By The Canadian Press
It was yet another low point for a team that has lost five games in a row and appears to be a longshot to make the playoffs in the Eastern Conference. Other fans showed their displeasure with the lacklustre performance by wearing paper bags over their heads.
Jerseys have been tossed on the ice on occasion throughout the regular season but the fans’ frustration appears to be mounting as the Maple Leafs have lost 13 of their last 16 games.
There were three jersey-throwing incidents on Monday night, including one that occurred while play was underway.
Toronto Police confirmed Tuesday that three spectators were charged under the province’s Trespass to Property Act. The offence, specifically called “engage in prohibited activity,” is not a criminal charge but it carries a fine of about $125.
“If you’re doing something that interrupts the game, you’ll be investigated and charged but the charges can vary depending upon how serious the infraction is,” said police spokesman David Hopkinson.
No names will be released since it’s not a criminal investigation, Hopkinson added.
Fans who interfere with play at a professional sporting event could be charged with public mischief under the Criminal Code and even face jail time.
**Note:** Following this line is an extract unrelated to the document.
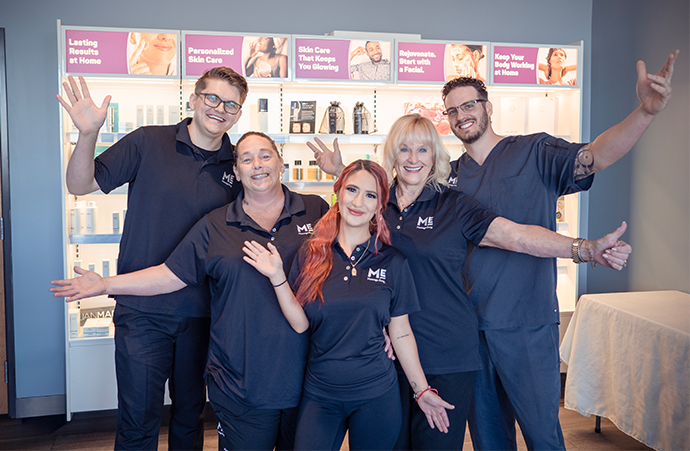 Group of employees at Massage Envy franchised location standing in front of product display.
“Let’s say you’re at the Rogers Centre and someone runs on the field,” Hopkinson said. “That person is arrested and charged with public mischief. Public mischief can carry I believe up to a two-year sentence in jail. It’s not anything to sneeze at, I consider that a fairly serious charge. It carries with it all the stigma of a criminal charge. So it can go all the way up to that.”
Spectators are warned about interrupting play and/or entering the field or playing surface while at pro sports venues. Fans will often throw hats on the ice when a player scores a hat trick but the tossing of jerseys – which can cost as much as $300 depending on the quality – or other items is verboten.
“In the events that occurred last night, the investigators believed that the people should be given the fine and that’s what occurred,” Hopkinson said. “But in the future, this can easily result in a criminal charge.”
An MLSE spokesperson said a facility ban is automatic in cases like this and offenders can apply for reinstatement in the future.
“You interfere with the game – especially during play, which happened last night – you’re removed from the building and issued a trespass from Air Canada Centre security and it results in a one-year ban from our facilities.”
Air Canada Centre holds about 19,000 fans for hockey. Arena security guards monitor the facility along with police officers.